--- Activity ---
Copy out exactly the stretch of the listing below that begins at the line containing "Empty room featuring" and ends at the line containing "Man throw the ball in basketball hoop", and copy nothing outside it.

--- Information provided ---

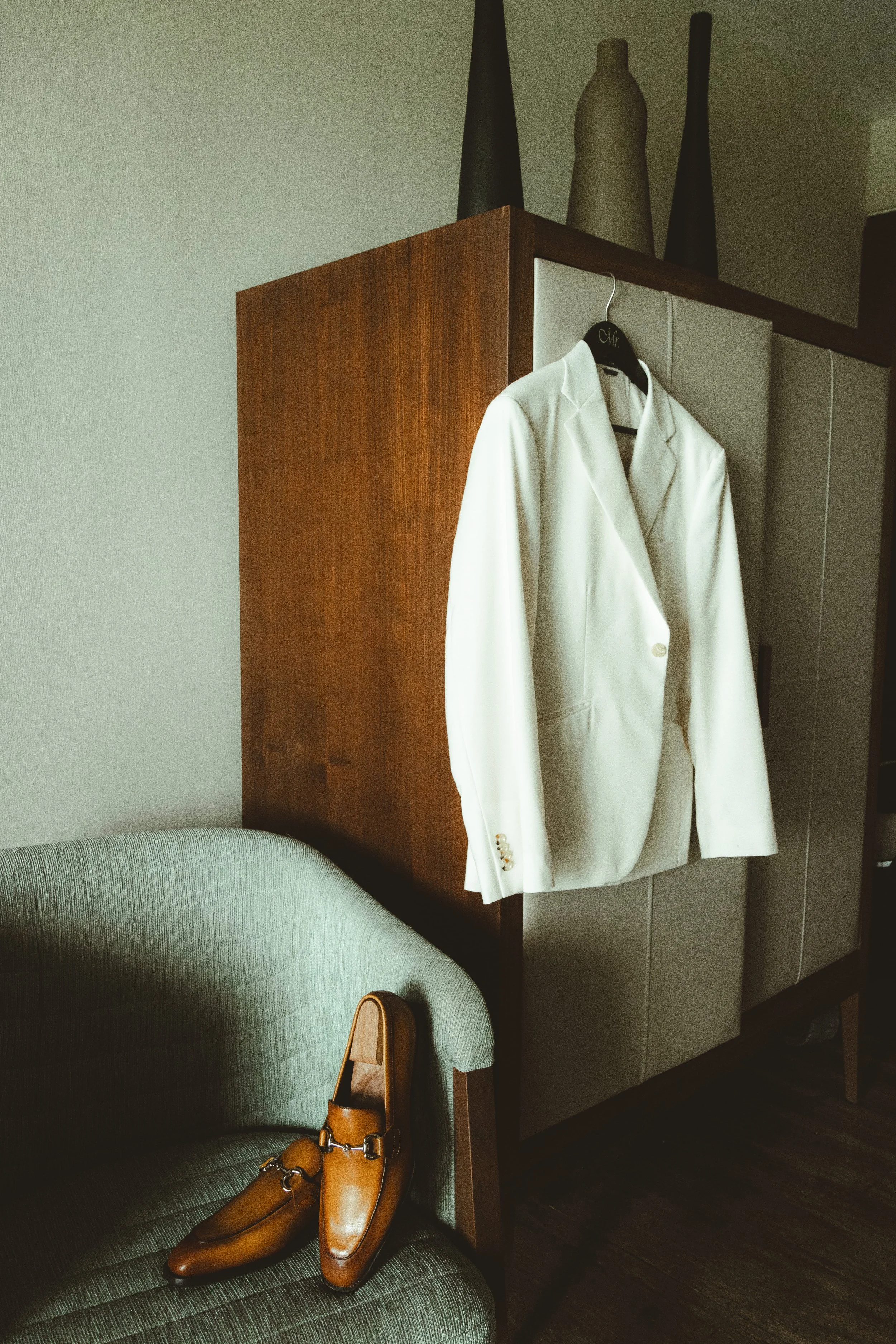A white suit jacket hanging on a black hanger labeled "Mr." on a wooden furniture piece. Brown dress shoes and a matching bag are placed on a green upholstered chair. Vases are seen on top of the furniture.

...

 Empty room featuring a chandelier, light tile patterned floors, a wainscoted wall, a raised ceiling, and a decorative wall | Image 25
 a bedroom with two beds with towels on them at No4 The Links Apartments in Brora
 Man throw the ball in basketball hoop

--- Exercise answer ---
 Empty room featuring a chandelier, light tile patterned floors, a wainscoted wall, a raised ceiling, and a decorative wall | Image 25
 a bedroom with two beds with towels on them at No4 The Links Apartments in Brora
 Man throw the ball in basketball hoop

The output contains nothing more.